With the ability to leverage the entire Latex ecosystem, I was able to use the --citeproc flag to add citations to my papers. This allowed me to use a .bib file to store my citations and then reference them in my paper. (citationmachine.net eat your heart out)

# refs.bib
@article{ntma,
title = {Deep Learning for Network Traffic Monitoring and Analysis (NTMA): A Survey},
journal = {Computer Communications},
volume = {170},
pages = {19-41},
year = {2021},
issn = {0140-3664},
doi = {https://doi.org/10.1016/j.comcom.2021.01.021},
url = {https://www.sciencedirect.com/science/article/pii/S0140366421000426},
author = {Mahmoud Abbasi and Amin Shahraki and Amir Taherkordi},
keywords = {Network Traffic Monitoring and Analysis, Network management, Deep learning, Machine learning, Survey, NTMA, Edge Intelligence, IoT, QoS},
abstract = {Modern communication systems and networks, e.g., Internet of Things (IoT) and cellular networks, generate a massive and heterogeneous amount of traffic data. In such networks, the traditional network management techniques for monitoring and data analytics face some challenges and issues, e.g., accuracy, and effective processing of big data in a real-time fashion. Moreover, the pattern of network traffic, especially in cellular networks, shows very complex behavior because of various factors, such as device mobility and network heterogeneity. Deep learning has been efficiently employed to facilitate analytics and knowledge discovery in big data systems to recognize hidden and complex patterns. Motivated by these successes, researchers in the field of networking apply deep learning models for Network Traffic Monitoring and Analysis (NTMA) applications, e.g., traffic classification and prediction. This paper provides a comprehensive review on applications of deep learning in NTMA. We first provide fundamental background relevant to our review. Then, we give an insight into the confluence of deep learning and NTMA, and review deep learning techniques proposed for NTMA applications. Finally, we discuss key challenges, open issues, and future research directions for using deep learning in NTMA applications.}
}

"Although different NTMA techniques ..." [@ntma]

\pagebreak

## Sources

would become

citation example

citation example part 2

Conclusion

It wasn't easy setting up the initial build system, as these tools were not fully designed to work 100% well together, but the end product is an amazing tool that carried me through countless papers, reports, and essays. By defining a nice baseline format, then extending it as needed per-project, I was able to create a very powerful and flexible system that allowed me to focus on the content of my papers rather than the formatting.

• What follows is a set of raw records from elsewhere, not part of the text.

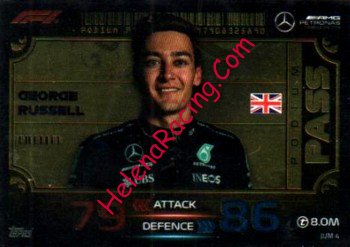 2023 Attax-JUM4-Pass.jpg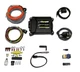 Racepak Sportsman Data Acquisition System 610-KT-SPRTMN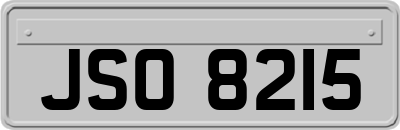 JSO8215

Don't worry, I hate PowerPoint just as much as Word, and used reveal.js to create my presentations. But that's a story for another time. https://noxsios.github.io/ctf-slides/

Now you may be wondering, why go through all this trouble? Surely something already exists that fulfills this need? Until two months ago you would be wrong; as there is now a very powerful open source cli called typst that aims to perform this very task. The syntax is a combination of Markdown and a custom AST that looks to be really powerful. I'm excited to see where it goes.